◆ **EXTRACTED MATERIAL**:
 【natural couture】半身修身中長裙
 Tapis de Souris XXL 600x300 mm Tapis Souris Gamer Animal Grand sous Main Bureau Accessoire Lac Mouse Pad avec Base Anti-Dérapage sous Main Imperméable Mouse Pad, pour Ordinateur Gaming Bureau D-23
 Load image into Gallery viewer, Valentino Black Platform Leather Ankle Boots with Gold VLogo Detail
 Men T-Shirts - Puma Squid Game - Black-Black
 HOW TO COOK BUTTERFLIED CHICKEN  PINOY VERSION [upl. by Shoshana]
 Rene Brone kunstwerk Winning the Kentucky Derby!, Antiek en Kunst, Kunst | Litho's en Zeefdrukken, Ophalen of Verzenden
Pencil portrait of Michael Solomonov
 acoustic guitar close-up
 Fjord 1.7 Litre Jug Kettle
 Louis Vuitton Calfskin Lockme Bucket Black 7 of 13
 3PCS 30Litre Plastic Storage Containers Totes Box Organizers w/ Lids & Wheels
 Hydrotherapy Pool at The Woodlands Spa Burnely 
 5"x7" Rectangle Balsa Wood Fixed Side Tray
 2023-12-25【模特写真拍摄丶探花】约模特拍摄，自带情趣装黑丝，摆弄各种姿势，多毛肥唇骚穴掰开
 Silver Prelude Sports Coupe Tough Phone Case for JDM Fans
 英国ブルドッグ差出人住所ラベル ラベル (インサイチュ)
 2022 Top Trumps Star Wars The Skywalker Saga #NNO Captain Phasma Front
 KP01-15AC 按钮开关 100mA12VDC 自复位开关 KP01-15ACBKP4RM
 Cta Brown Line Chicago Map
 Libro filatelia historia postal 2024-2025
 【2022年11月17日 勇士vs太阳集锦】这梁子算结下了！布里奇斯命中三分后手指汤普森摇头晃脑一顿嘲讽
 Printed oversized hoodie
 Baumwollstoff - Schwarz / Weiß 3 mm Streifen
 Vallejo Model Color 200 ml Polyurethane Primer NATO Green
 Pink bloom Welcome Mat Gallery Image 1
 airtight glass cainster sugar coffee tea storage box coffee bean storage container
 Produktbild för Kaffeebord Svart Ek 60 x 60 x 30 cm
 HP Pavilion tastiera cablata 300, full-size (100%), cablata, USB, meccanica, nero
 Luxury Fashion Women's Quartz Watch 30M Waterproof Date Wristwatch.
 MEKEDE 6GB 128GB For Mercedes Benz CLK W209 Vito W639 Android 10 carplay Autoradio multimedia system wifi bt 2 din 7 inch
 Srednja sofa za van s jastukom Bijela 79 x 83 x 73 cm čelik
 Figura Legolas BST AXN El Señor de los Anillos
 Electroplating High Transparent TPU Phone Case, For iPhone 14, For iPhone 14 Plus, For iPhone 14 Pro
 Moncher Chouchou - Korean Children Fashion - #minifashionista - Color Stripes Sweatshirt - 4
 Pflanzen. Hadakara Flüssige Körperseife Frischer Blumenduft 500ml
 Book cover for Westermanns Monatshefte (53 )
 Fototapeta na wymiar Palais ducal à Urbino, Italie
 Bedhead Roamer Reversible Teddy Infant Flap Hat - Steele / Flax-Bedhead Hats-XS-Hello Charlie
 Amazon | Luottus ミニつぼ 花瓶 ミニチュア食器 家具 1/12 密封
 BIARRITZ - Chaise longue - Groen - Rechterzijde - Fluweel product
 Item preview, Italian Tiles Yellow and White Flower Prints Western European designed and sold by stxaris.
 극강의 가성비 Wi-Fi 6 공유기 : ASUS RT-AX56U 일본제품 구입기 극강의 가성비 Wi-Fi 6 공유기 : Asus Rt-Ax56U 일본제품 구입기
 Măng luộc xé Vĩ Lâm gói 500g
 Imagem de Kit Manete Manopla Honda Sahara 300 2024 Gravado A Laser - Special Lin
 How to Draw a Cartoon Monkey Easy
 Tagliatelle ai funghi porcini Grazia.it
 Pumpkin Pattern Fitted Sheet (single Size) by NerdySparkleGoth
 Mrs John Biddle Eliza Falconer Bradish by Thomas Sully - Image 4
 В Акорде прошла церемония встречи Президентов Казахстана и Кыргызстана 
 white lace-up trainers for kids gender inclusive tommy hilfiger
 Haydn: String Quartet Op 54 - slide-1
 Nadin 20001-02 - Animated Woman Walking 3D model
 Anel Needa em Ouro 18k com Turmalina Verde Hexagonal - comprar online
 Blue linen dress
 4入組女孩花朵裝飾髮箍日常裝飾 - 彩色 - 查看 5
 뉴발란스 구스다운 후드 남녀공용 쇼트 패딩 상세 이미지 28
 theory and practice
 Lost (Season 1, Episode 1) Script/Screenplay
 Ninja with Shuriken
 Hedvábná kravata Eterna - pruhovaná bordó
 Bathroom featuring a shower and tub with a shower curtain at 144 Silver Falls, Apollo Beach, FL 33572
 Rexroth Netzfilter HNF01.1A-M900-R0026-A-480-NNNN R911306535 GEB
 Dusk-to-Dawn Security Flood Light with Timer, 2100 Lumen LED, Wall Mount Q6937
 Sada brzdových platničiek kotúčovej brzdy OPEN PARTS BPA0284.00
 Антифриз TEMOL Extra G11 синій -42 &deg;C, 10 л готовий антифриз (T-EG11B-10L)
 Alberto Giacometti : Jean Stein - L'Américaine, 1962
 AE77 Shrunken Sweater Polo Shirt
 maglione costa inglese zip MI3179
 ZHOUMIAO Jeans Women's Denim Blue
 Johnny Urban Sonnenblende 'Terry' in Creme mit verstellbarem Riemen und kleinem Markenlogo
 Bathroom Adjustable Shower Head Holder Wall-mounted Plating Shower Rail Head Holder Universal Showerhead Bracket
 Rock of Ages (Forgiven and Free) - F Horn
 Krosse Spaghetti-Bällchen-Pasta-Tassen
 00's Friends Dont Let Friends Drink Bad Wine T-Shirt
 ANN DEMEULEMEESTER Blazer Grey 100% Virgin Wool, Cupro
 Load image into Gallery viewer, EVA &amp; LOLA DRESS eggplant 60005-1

◆ **INSTRUCTIONS FOR THE TASK**: All lines of the data above that include the word "Women" must be shown.

◆ **THE COMPLETED TASK**:
 Luxury Fashion Women's Quartz Watch 30M Waterproof Date Wristwatch.
 ZHOUMIAO Jeans Women's Denim Blue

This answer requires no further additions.